Introduction


In systems programming - the world you're about to enter - we've become complacent. Maybe even complicit.

We've promised our customers reliable and secure software, but with an implicit caveat: not at the cost of performance. And the fastest languages have traditionally been memory-unsafe. By using them, we actively risk both general functional requirements and our most base defensive posture:

  • Reliability: Memory safety errors cause unpredictable crashes (e.g. "segmentation faults"), unreproducible errors (e.g. "data races"), and eventual outages (e.g. "memory leaks").

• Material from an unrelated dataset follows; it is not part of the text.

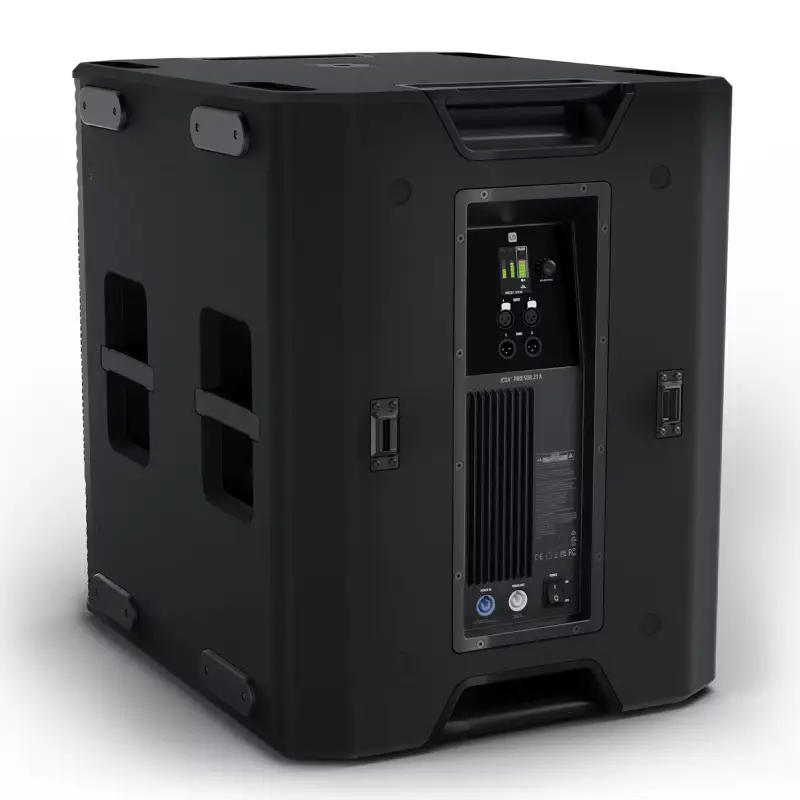 LD Systems ICOA PRO SUB 21 A nizkotonec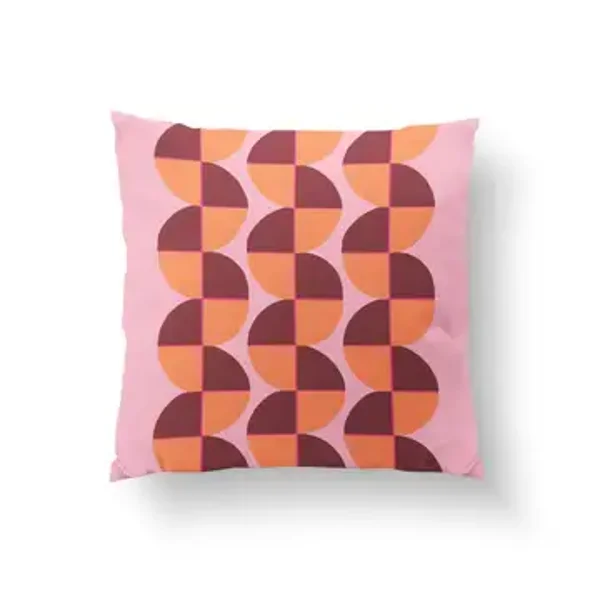 Pre order Buitenkussen Rosie 40x40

  • Security: Those same memory errors might give an attacker the ability to read sensitive data (e.g. "steal secrets") or execute nearly arbitrary commands under the privileges of the victim program (e.g. "full control").

Your program crashing or producing incorrect output is one thing. Your machine joining a botnet is another1. Memory-unsafe programs risk both outcomes, simultaneously.

These incredible risks are largely mitigated2 in most modern "application languages", which use garbage collection and/or heavyweight runtimes (think Python, Java, or Go). Yet there are key verticals - safety-critical systems, high-performance distributed infrastructure, various kinds of firmware, etc. - that continue to rely on C and C++3.

Despite re-inventing themselves over time and powering much of the world's most critical software, these two traditional "systems languages" remain leading suppliers of worst-case security vulnerabilities (e.g. Heartbleed4, Stagefright5, EternalBlue6, Dirty Pipe7, etc). The memory corruption threat remains unabated.

Such is the cost of a multi-decade commitment to backwards compatibility. We don't seek to disparage the giants whose shoulders we stand on.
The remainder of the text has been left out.